Unifi Install and New Disconnected Issue
We have found a new issue during the installation and upgrade at a facility in North America. We have experienced a new “disconnected” challenge. We will walk you through the findings and the fix that we applied, and hopefully, some of you will save some hours that we had lost.
A little about project scope
One of our clients requested an upgrade to their wireless network as well as troubleshooting some network switches. The previous Wifi system is TP-Link which had been doing a good job. The network switches in question are Netgear ProSAFE switches. A previous IT firm had recommended and provided these switches.
They hired us to solve through-put issues. The client has out-grown their WIFI Network, this increase in demand had been causing unneeded stress on their entire infrastructure. Additionally, they are experiencing trouble with three of their switches, which required a reboot to return to operation.
Installation
The Count
- 6 UAP PRO’s
- 3 UAW 24 Port PoE Switches
- New Fiber
- 300 Meters of New Shielded CAT7
Upstream Equipment
- VPN Router with Firewall
- L3 Switch for controlling multiple networks (PBX, MS Server, Linux DevOps Servers)
Notes on installation
- The controller is a Remote NS|FLDC Server
- Unifi Protect is in the Pipeline
Process
All in all, the installation had gone smoothly; multiple dropped-ceiling installation points for the majority of APs with additional coverage in a warehouse environment. We used as much of the existing cabling as possible, and we installed only 300 meters of new cable. Also required, an IoT network and Guest Portal, which is pretty standard these days.
Device Information
Controller (Unifi) Version: 6.1.71
Access Point - UAP (UAP-AC-Pro) Firmware Version: 4.3.28.11361
Switch - USW (USW-Pro-24-PoE) Firmware Version: 5.43.35.12698
All was good; until it wasn’t
Once the equipment was installed, updated, provisioned, and programming, we started our testing. As with all of our projects, we stay on-site a minimum of 48 hours after installation and programming. This procedure gives us confirmation that all units are running smoothly with no issues.
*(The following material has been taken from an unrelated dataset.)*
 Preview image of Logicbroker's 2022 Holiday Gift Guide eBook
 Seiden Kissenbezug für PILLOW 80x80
We started to experience disconnect issues the following morning. So as we apply a simple hard restart on the affected units. When the APs were installed and connected to the controller, they all needed updates. In our experience, a reset after adoption & update can work magic. It will typically clear up unusual behavior.
We proceeded with a physical reset and finished with additional programming without further issues. The following morning the majority of our APs had entered an error state of Disconnected. It was now clear; we must investigate.
Results of an SSH Login
It was time to go to the terminal. It was possible to ping all of the disconnected UAPs, so we continued to login in via SSH. Running info command returned below information:
BusyBox v1.25.1 () built-in shell (ash)
___ ___ .__________.__
| | |____ |__\_ ____/__|
| | / \| || __) | | (c) 2010-2020
| | | | \ || \ | | Ubiquiti Networks, Inc.
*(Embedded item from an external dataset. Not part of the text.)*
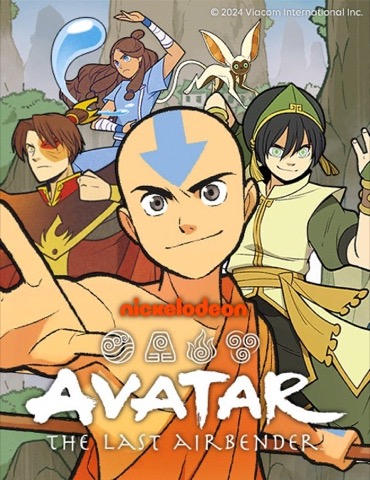 Bìa Avatar: The Last Airbender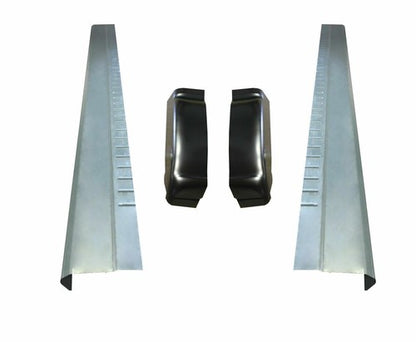 Solid Spare Extended Cab Rocker Panels & Cab Corners For Chevy Silverado GMC Sierra 99-07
|______|___| /__||__/ |__|
|_/ https://www.ui.com/
Welcome to UniFi UAP-AC-Pro-Gen2!
WestOffice-W02-BZ.v4.3.28# info
WestOffice-W02-BZ.v4.3.28#
A blank return! It took a few seconds to receive, but sure enough, every AP did the same thing. We started to review var/messages
and found some strange messages in the log.
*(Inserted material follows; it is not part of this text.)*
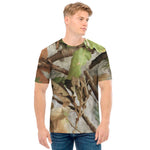 Hunting Camouflage Pattern Print Men's T-Shirt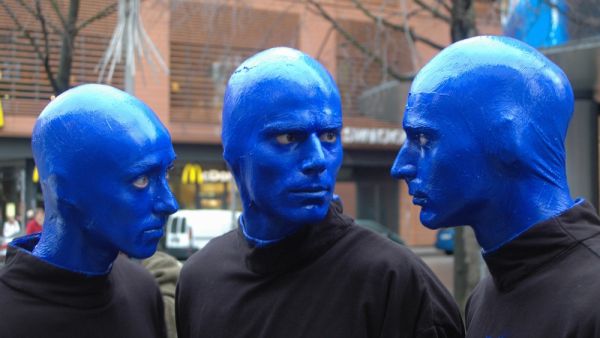 Blue Man Group  (Shutterstock)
So let's reset was the thought process. Start with a clean log and try to catch the action throughout the night. Ok, we will push the reset through CLI, and we continue with set-default
with these results:
WestOffice-W02-BZ.v4.3.28# set-inform
syswrapper: [state is locked] waiting for lock
syswrapper: [state is locked] waiting for lock
syswrapper: [state is locked] waiting for lock
syswrapper: [state is locked] waiting for lock
syswrapper: [state is locked] waiting for lock
syswrapper: [state is locked] waiting for lock
syswrapper: [state is locked] waiting for lock
syswrapper: [state is locked] waiting for lock
syswrapper: [state is locked] waiting for lock
syswrapper: [state is locked] waiting for lock
syswrapper: [state is locked] waiting for lock
syswrapper: [state is locked] waiting for lock
Interesting, so what is this looped response syswrapper: [state is locked] waiting for lock
. What we could find in the messages is that the unit was running out of memory. So our process continues in this fashion.
How did we fix this
We noticed all our USW switches had been sitting on firmware version 5 of the Unifi firmware release, so we reviewed the release channel and found: UAP-USW-Firmware-5-43-36
The Ubiquiti Unifi Release specifically includes these USW Switches. The controller automatically updated the USWs to this version. Interestingly enough, also included in this release is the UAP-AC-PRO. Why didn't the controller automatically detect this and update it?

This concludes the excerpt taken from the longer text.